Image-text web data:
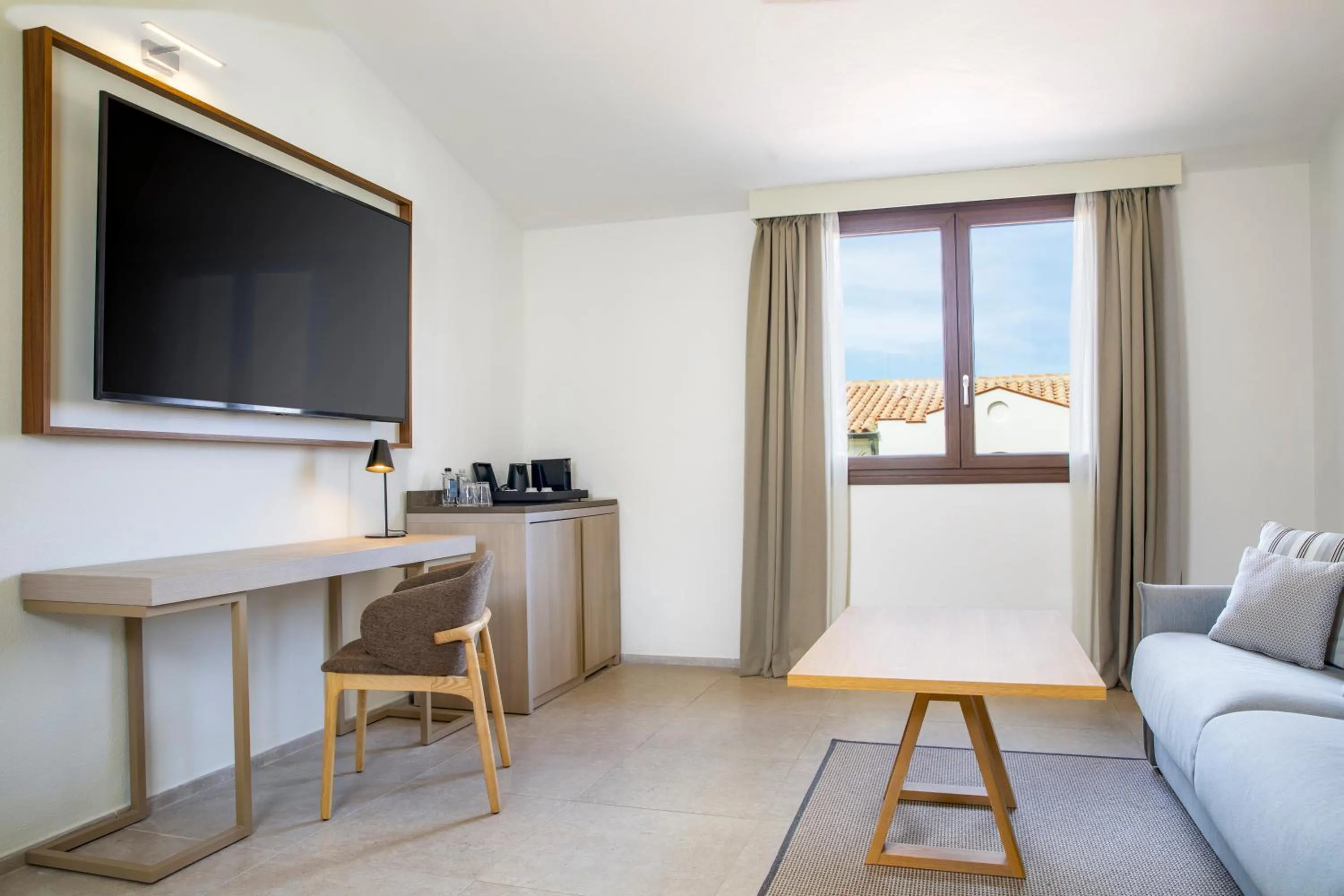 Photo of the whole room in Mangia's Santa Teresa Sardinia, Curio Collection by Hilton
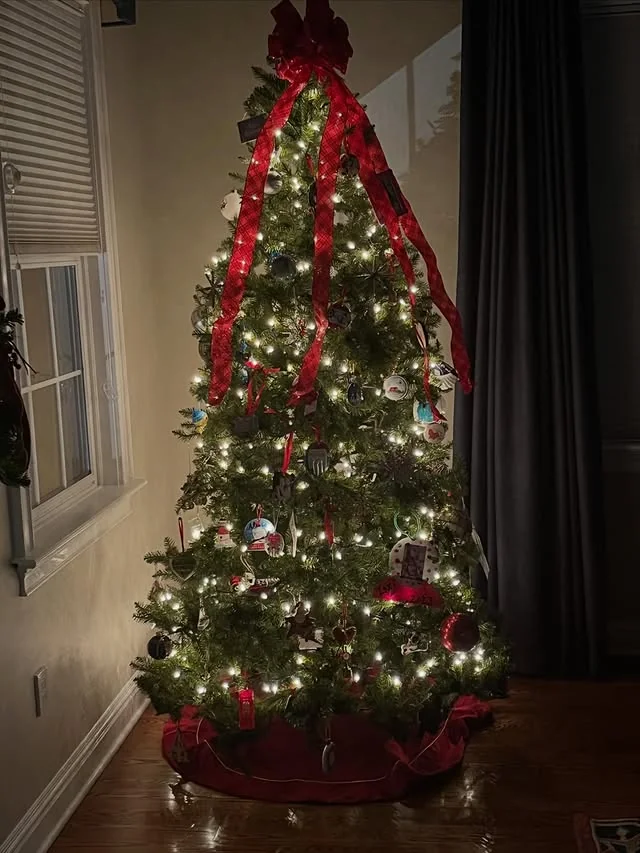 Christmas tree with large red bow and cascading red plaid ribbon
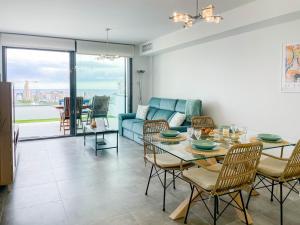 - un salon avec une table et un canapé bleu dans l'établissement Apartamento Seascape. Relax, lujo y vistas al mar., à Finestrat
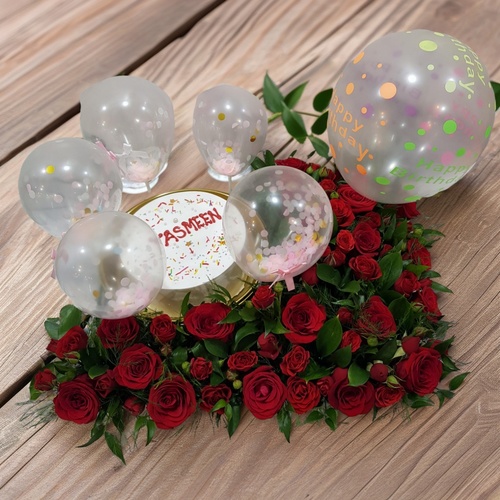 cake in a tray with flowers 1904 - The tray Includes Red Roses, red Baby Roses, Italian rescus, green rescus , And Green 
 The Arrangement Contains 7 inch chocolate cake for 2 to 4 person and  Balloons In A tray. Height 35 cm Width 50 cm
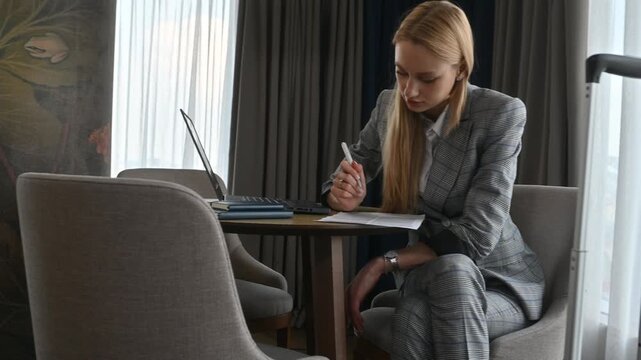 Young businesswoman in a suit sitting at a table in her hotel room, carefully reading and signing a contract, with her laptop and luggage nearby during a business trip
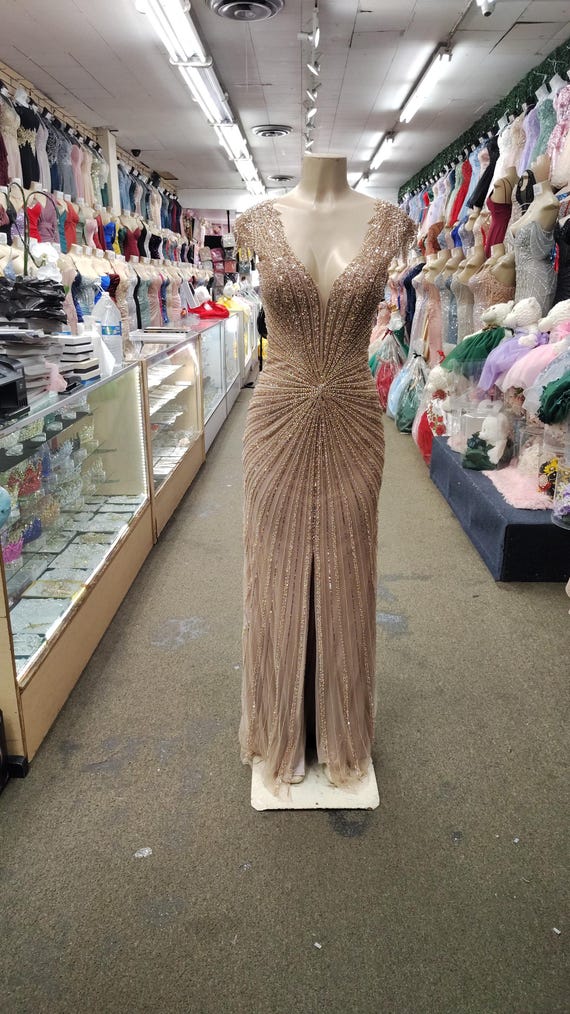 Fitted V-neckline sheer bodice and linear beaded motif with front slit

* WHAT THIS TASK INVOLVES: For this exercise, reproduce the data above exactly from the line containing "- un salon avec" through its final line, both ends included, with no pictures in the copy.

* TASK RESPONSE:
 - un salon avec une table et un canapé bleu dans l'établissement Apartamento Seascape. Relax, lujo y vistas al mar., à Finestrat
 cake in a tray with flowers 1904 - The tray Includes Red Roses, red Baby Roses, Italian rescus, green rescus , And Green 
 The Arrangement Contains 7 inch chocolate cake for 2 to 4 person and  Balloons In A tray. Height 35 cm Width 50 cm
 Young businesswoman in a suit sitting at a table in her hotel room, carefully reading and signing a contract, with her laptop and luggage nearby during a business trip
 Fitted V-neckline sheer bodice and linear beaded motif with front slit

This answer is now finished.